In [1]:
%matplotlib inline
import matplotlib.pyplot as plt
import numpy as np
import seaborn as sns
sns.set_context('notebook', font_scale=1.5)
The first exercise is about using Newton's method to find the cube roots of unity - find $z$ such that $z^3 = 1$. From the fundamental theorem of algebra, we know there must be exactly 3 complex roots since this is a degree 3 polynomial.
We start with Euler's equation $$ e^{ix} = \cos x + i \sin x $$
Raising $e^{ix}$ to the $n$th power where $n$ is an integer, we get from Euler's formula with $nx$ substituting for $x$ $$ (e^{ix})^n = e^{i(nx)} = \cos nx + i \sin nx $$
Whenever $nx$ is an integer multiple of $2\pi$, we have $$ \cos nx + i \sin nx = 1 $$
So $$ e^{2\pi i \frac{k}{n}} $$ is a root of 1 whenever $k/n = 0, 1, 2, \ldots$.
So the cube roots of unity are $1, e^{2\pi i/3}, e^{4\pi i/3}$.
While we can do this analytically, the idea is to use Newton's method to find these roots, and in the process, discover some rather perplexing behavior of Newton's method.
In [2]:
from sympy import Symbol, exp, I, pi, N, expand
from sympy import init_printing
init_printing()
In [3]:
expand(exp(2*pi*I/3), complex=True)
Out[3]:
In [4]:
expand(exp(4*pi*I/3), complex=True)
Out[4]:
In [5]:
plt.figure(figsize=(4,4))
roots = np.array([[1,0], [-0.5, np.sqrt(3)/2], [-0.5, -np.sqrt(3)/2]])
plt.scatter(roots[:,0], roots[:,1], s=50, c='red')
xp = np.linspace(0, 2*np.pi, 100)
plt.plot(np.cos(xp), np.sin(xp), c='blue');
1. Newton's method for functions of complex variables - stability and basins of attraction. (30 points)
Write a function with the following function signature newton(z, f, fprime, max_iter=100, tol=1e-6)
where
z
is a starting value (a complex number e.g. 3 + 4j
)f
is a function of z
fprime
is the derivative of f
The function will run until either max_iter is reached or the absolute value of the Newton step is less than tol. In either case, the function should return the number of iterations taken and the final value of z
as a tuple (i
, z
). Define the function f
and fprime
that will result in Newton's method finding the cube roots of 1. Find 3 starting points that will give different roots, and print both the start and end points.
Write the following two plotting functions to see some (pretty) aspects of Newton's algorithm in the complex plane.
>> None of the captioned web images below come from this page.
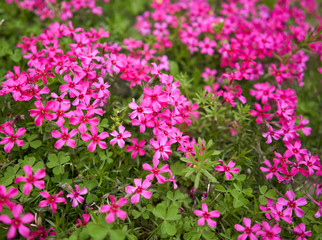 pink flowers in the garden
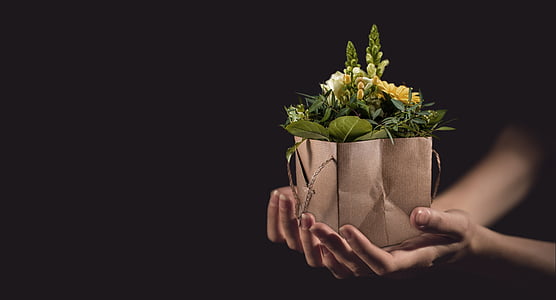 person holds brown paper bag with flower plants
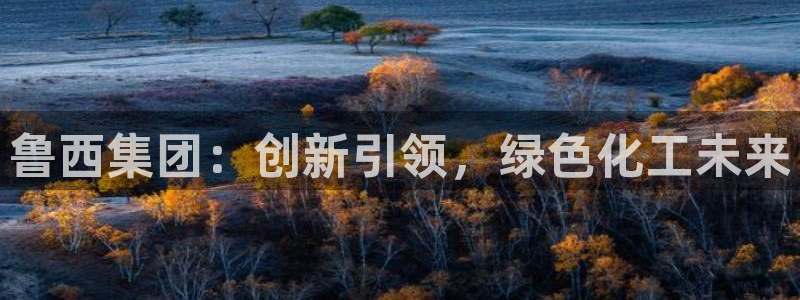 球盟会中国官方网站：鲁西集团：创新引领，绿色化工未来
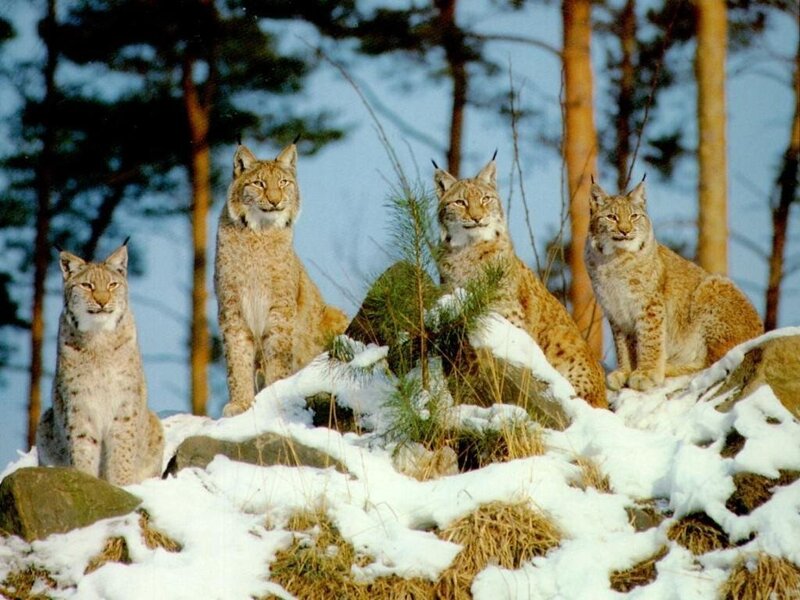 Lynx family in snowy forest
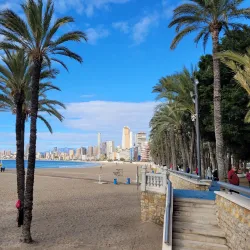 Parque de Elche - Benidorm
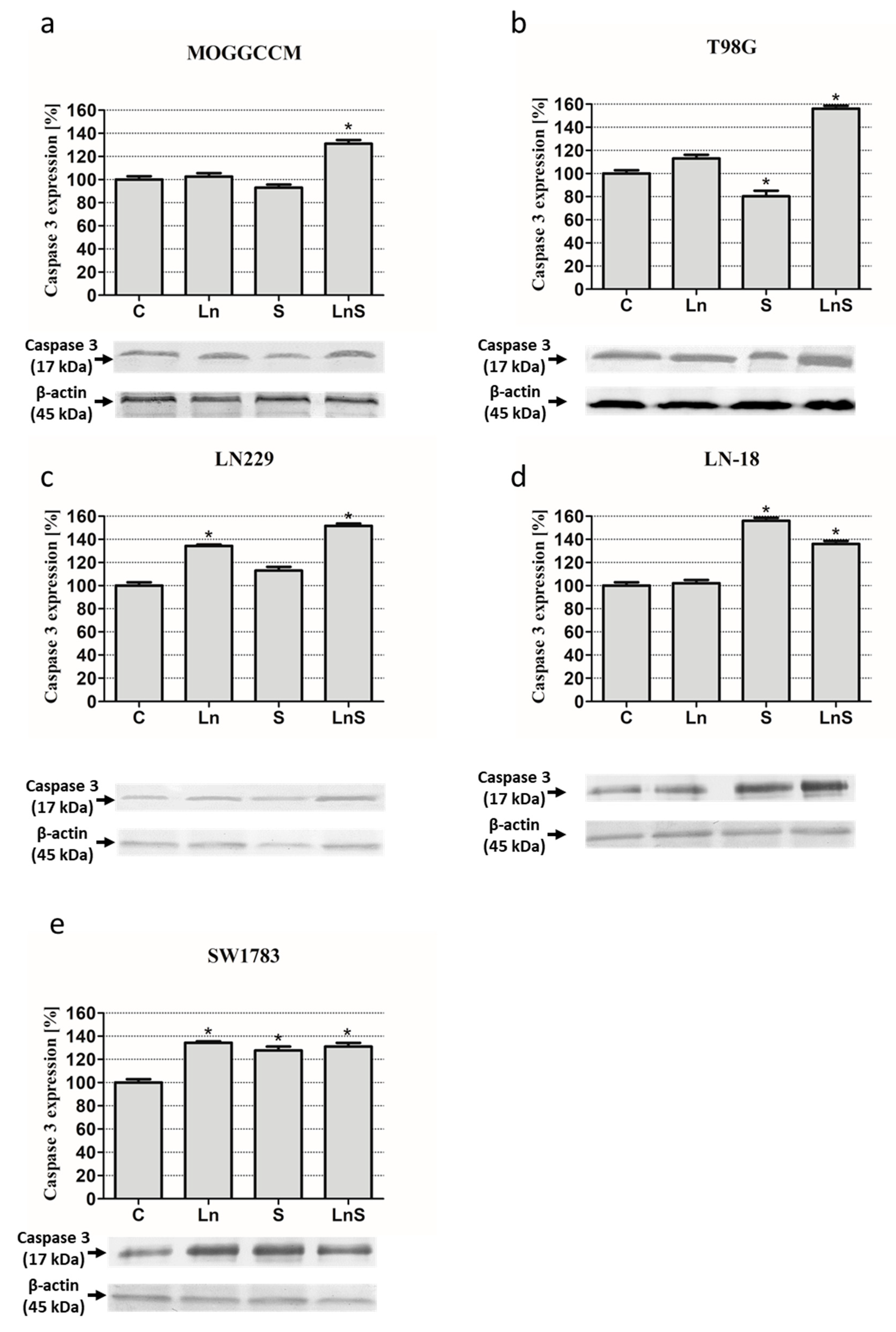 Cancers 13 02637 g006 Cancers 13 02637 g006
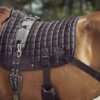 CATAGO Fir-Tech Trainings zadeldekje met elastische banden Dressuur - Afbeelding 3
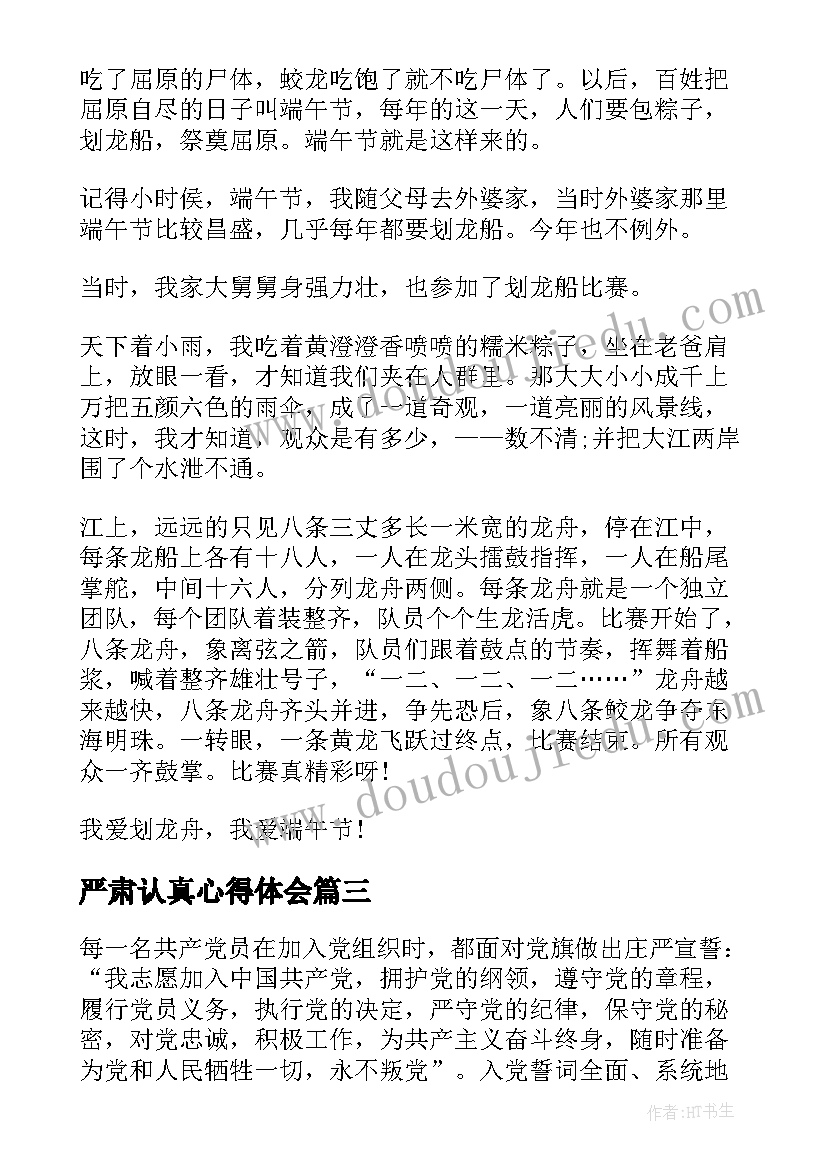 2023年严肃认真心得体会(优质5篇)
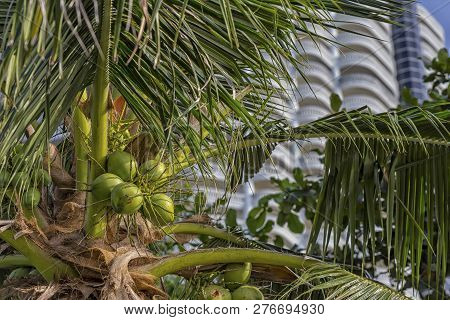 Coconut Palm On Blue Sky With White Clouds.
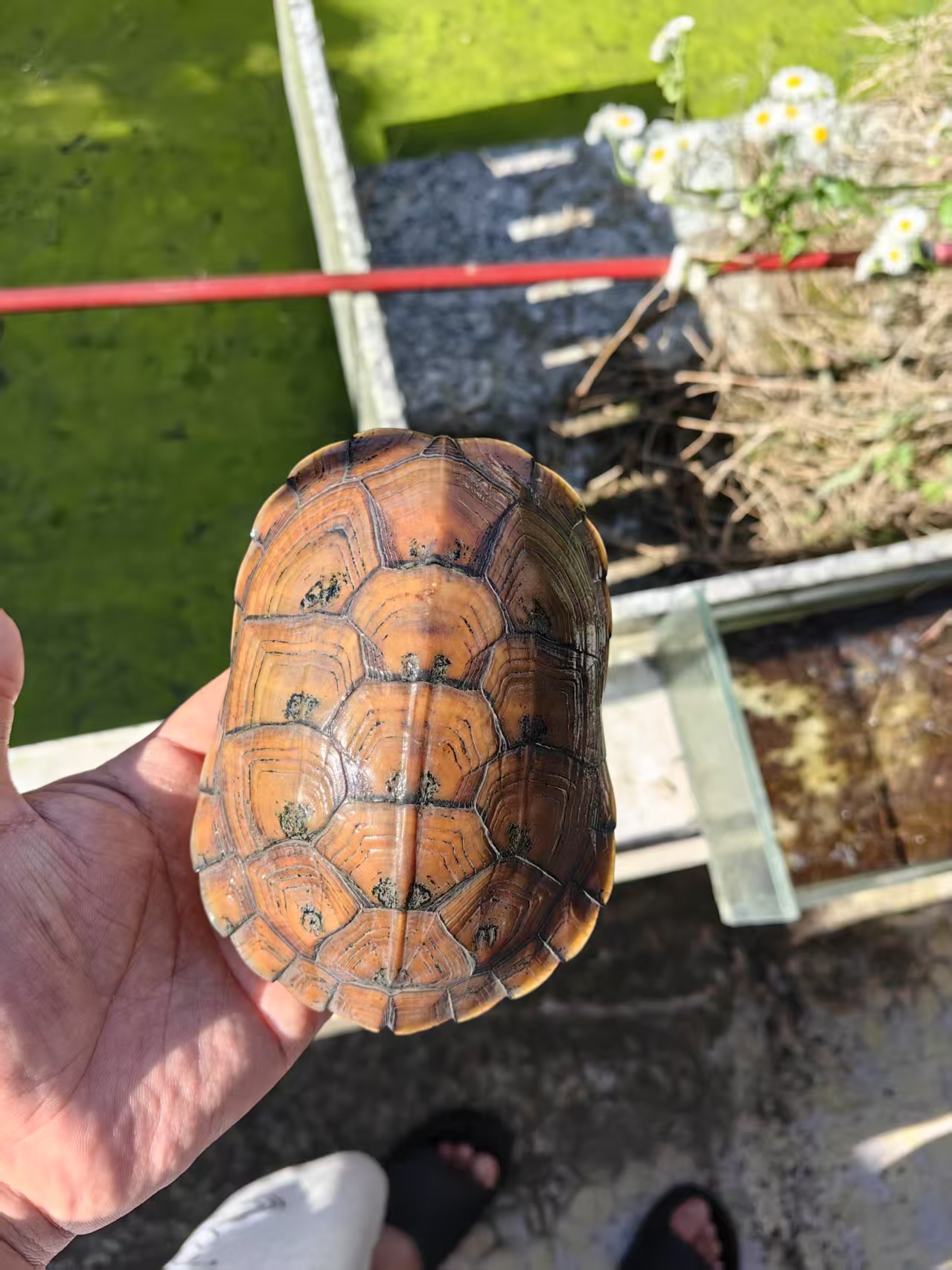 [小青] 家有灵龟-老于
The first function plot_newton_iters(f, fprime, n=200, extent=[-1,1,-1,1], cmap='hsv')
calculates and stores the number of iterations taken for convergence (or max_iter) for each point in a 2D array. The 2D array limits are given by extent
- for example, when extent = [-1,1,-1,1]
the corners of the plot are (-i, -i), (1, -i), (1, i), (-1, i)
. There are n
grid points in both the real and imaginary axes. The argument cmap
specifies the color map to use - the suggested defaults are fine. Finally plot the image using plt.imshow
- make sure the axis ticks are correctly scaled. Make a plot for the cube roots of 1.
The second function plot_newton_basins(f, fprime, n=200, extent=[-1,1,-1,1], cmap='jet')
has the same arguments, but this time the grid stores the identity of the root that the starting point converged to. Make a plot for the cube roots of 1 - since there are 3 roots, there should be only 3 colors in the plot.
In [6]:
def newton(z, f, fprime, max_iter=100, tol=1e-6):
"""The Newton-Raphson method."""
for i in range(max_iter):
step = f(z)/fprime(z)
if abs(step) < tol:
return i, z
z -= step
return i, z
In [7]:
def plot_newton_iters(p, pprime, n=200, extent=[-1,1,-1,1], cmap='hsv'):
"""Shows how long it takes to converge to a root using the Newton-Rahphson method."""
m = np.zeros((n,n))
xmin, xmax, ymin, ymax = extent
for r, x in enumerate(np.linspace(xmin, xmax, n)):
for s, y in enumerate(np.linspace(ymin, ymax, n)):
z = x + y*1j
m[s, r] = newton(z, p, pprime)[0]
plt.imshow(m, cmap=cmap, extent=extent)
In [8]:
def plot_newton_basins(p, pprime, n=200, extent=[-1,1,-1,1], cmap='jet'):
"""Shows basin of attraction for convergence to each root using the Newton-Raphson method."""
root_count = 0
roots = {}
m = np.zeros((n,n))
xmin, xmax, ymin, ymax = extent
for r, x in enumerate(np.linspace(xmin, xmax, n)):
for s, y in enumerate(np.linspace(ymin, ymax, n)):
z = x + y*1j
root = np.round(newton(z, p, pprime)[1], 1)
if not root in roots:
roots[root] = root_count
root_count += 1
m[s, r] = roots[root]
plt.imshow(m, cmap=cmap, extent=extent)
In [9]:
plt.grid('off')
plot_newton_iters(lambda x: x**3 - 1, lambda x: 3*x**2)
In [10]:
plt.grid('off')
m = plot_newton_basins(lambda x: x**3 - 1, lambda x: 3*x**2)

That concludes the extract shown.